Usia kehamilan saat melahirkan dan berat bayi lahir ditemukan serupa antara
2 kelompok tersebut karena interval persalinan pada pecah ketuban dini premature
(PPROM) ini tidak signifikan berkepanjangan dalam kelompok studi dan penelitian
oleh Ogunyemi dan Thompson melaporkan temuan serupa. Namun, ada penelitian
lain yang telah mengamati peningkatan berat lahir dan usia kehamilan saat
melahirkan. (Singla, 2009)

Adanya jumlah optimal dari liquor cushions janin dan tekanan dari tali pusar
diketahui akan mengurangi kejadian gawat janin. Konsisten dengan hal tersebut,
dalam kejadian distress intrapartum janin diketahui secara signifikan lebih rendah
pada kelompok studi. (Singla, 2009)

Diketahui adanya penurunan yang sangat signifikan pada kejadian sepsis


neonatal dini di kelompok yang diteliti. Etiologi utama dibalik sepsis neonatal dini
adalah kejadian infeksi intrauterin; terjadinya peningkatan volume cairan ketuban
setelah amnioinfusion dapat menghambat perkembangan infeksi intrauterine dimana
kemungkinannya dapat melalui efek dilusional dan antibakteri dari saline yang
diinfuskan. (Singla, 2009)
Dari penelitian juga didapatkan bahwa tidak adanya kasus deformitas wajah
atau ekstremitas yang diamati pada kedua kelompok setelah tindakan amnioinfusion.
Hal ini dapat disebabkan karena tidak ada kasus oligohidramnion dengan waktu yang
lama pada suatu kehamilan. Namun, dari penelitian yang dilakukan oleh Locatelli et
al, tercatat bahwa terdapat dua kasus deformitas postural pada pasien kelompok
amnioinfusi, walaupun prosedurnya berhasil. Sedangkan pada penelitian yang
dilakukan oleh Turhan dan Atacan, tidak tercatat adanya malformasi janin dalam
penelitian mereka. (Singla, 2009)

Lebih banyak bayi yang sehat dipulangkan dalam 7 hari setelah


dirawatinapkan di NICU pada kelompok yang diberikan amnioinfusion dan kematian
neonatal secara signifikan lebih rendah dalam kelompok ini karena ada lebih
sedikitnya terjadi gawat janin intrapartum dan sepsis neonatal. (Singla, 2009)
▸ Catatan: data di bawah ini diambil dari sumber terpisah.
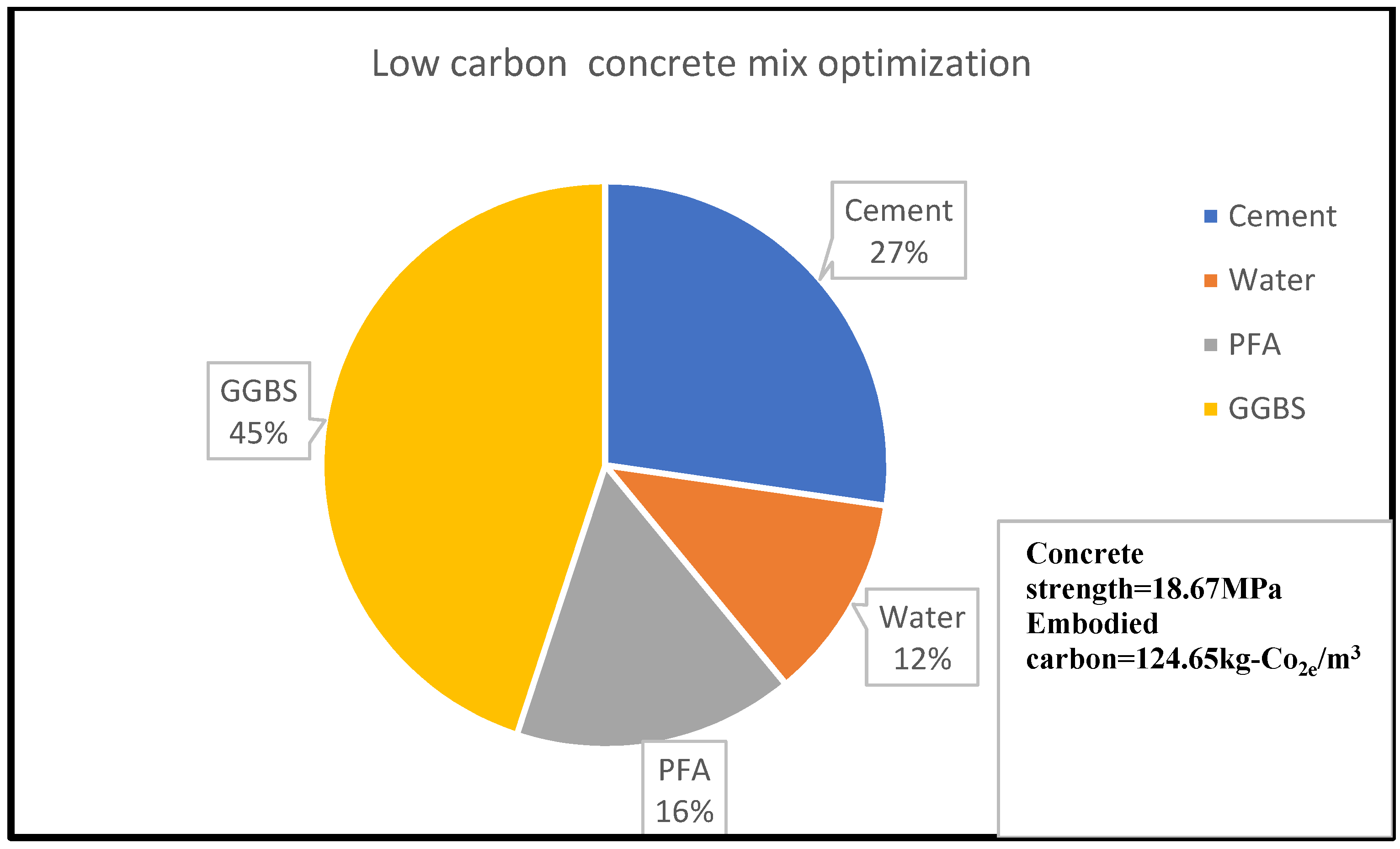 Materials 15 08673 g004 Materials 15 08673 g004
Pada ketuban pecah dini premature, insiden persalinan yang diinduksi


diketahui lebih sedikit. Persalinan yang diinduksi pada ketuban pecah dini premature
(PPROM) terjadi terutama karena adanya respons terhadap gawat janin atau
korioamnionitis; dengan demikian, rendahnya insiden persalinan yang diinduksi pada
kelompok studi ini bisa jadi karena adanya peningkatan volume cairan ketuban yang
menyebabkan lebih sedikit gawat janin dan korioamnionitis. Sejalan dengan hal
tersebut, Horibe et al menyatakan bahwa amnioinfusion dengan saline ternyata efektif
untuk menekan terjadinya korioamnionitis pada 75% kasus. Angka yang rendah dari
sepsis postpartum maternal pada kelompok studi juga sama dengan hasil penelitian
yang dilakukan oleh DeSantis et al. (Singla, 2009)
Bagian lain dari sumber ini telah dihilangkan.